We meet Miles and Ellie when at age 17, thrown together by a high school biology class that pairs them up as expectant parents carrying around a sack of flour with a smiley face.
Rhiannon Ragland is Ellie, insecure and feeling plain, while Rusty Mewha is the longhaired geek, Miles. They portray, with great exuberance, passionate puppy love afflicted teenagers boiling over with frenetic — nay, frenzied — energy. Their wrap-around hugging and full frontal, lip-locked tongue kissing is executed with dramatic theatrical flair. Yee-haw!
Contrastingly, they are joined by Ellie’s parents: Burt (Bill Simmons) is a bland and boring, staid and stoic, red state conservative state senator who spouts political platitudes in response to any attempts at real conversation; Mary, his wife hovers around a quiet alcoholism that becomes full-blown in Act II. Michelle Mountain plays this role to its comic hilt and evokes sustained applause near the end of the play as her rant crescendos into bitter acceptance of her empty marriage. Simmons is everything you might have suspected Mitt Romney to be at home, a legend in his own mind, trapped in his own truth.
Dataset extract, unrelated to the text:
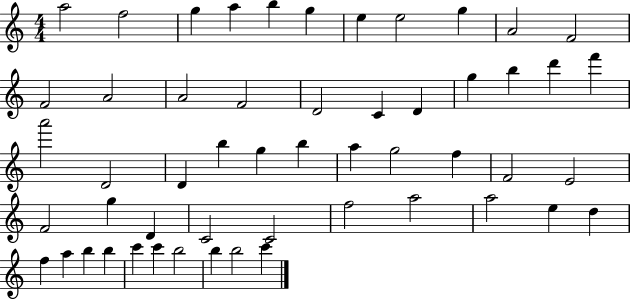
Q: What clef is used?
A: treble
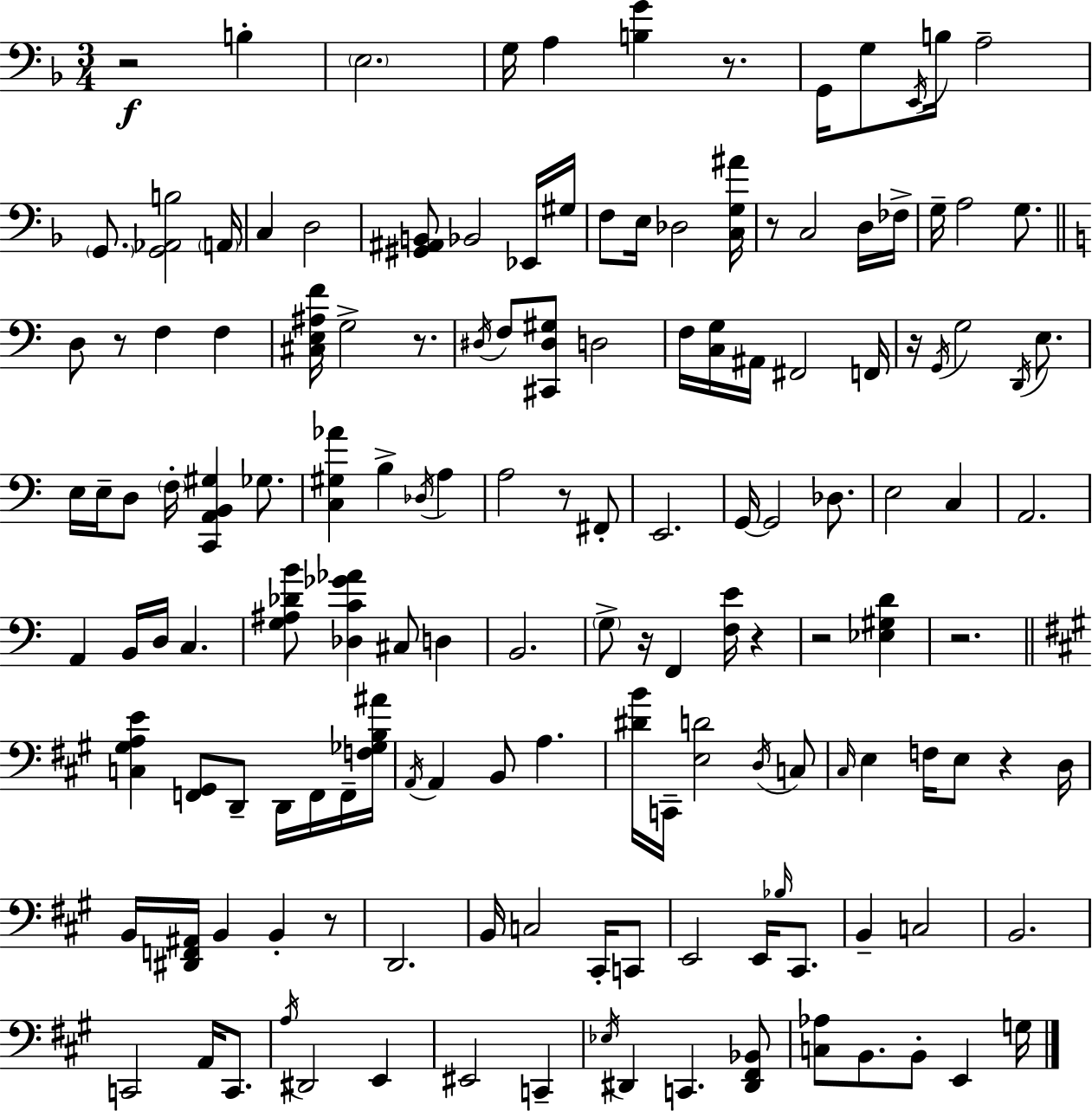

Act I ends with a misunderstanding of epic proportion that ends this teenaged love story before it comes to a lifelong fruition.
Fast forward 20 years and we meet this same young couple approaching 40. A lot of water has gone over the dam. Ellie is divorced and we are informed by her parents that she’s had a really bad time of it. Miles, on the other hand, has become the computer programmer he always thought he would be and has sort of wandered towards an adult life that is sort-of successful, but not amazingly so. They lock eyes, they talk a bit and … that’s it.
In real life, there is a lot of that goes on in between once upon a time and happily ever after. Writer Don Zolidis chooses not to plumb those depths. Instead we are left with the notion that there are those who hold on to the magic of 17 in our hearts, wishing we could somehow go back to the innocence and start all over and create a whole new life script.
“Miles and Ellie” is full of laughter and had many audience members chuckling. In the end, however, the play suffers from too few tender moments. Dazzling acting and good stage direction cannot fully overcome the limits of the script, and yet, despite this, one leaves remembering one’s own 17-year-old girlfriend.
Whatever happened to her?
"Miles & Ellie”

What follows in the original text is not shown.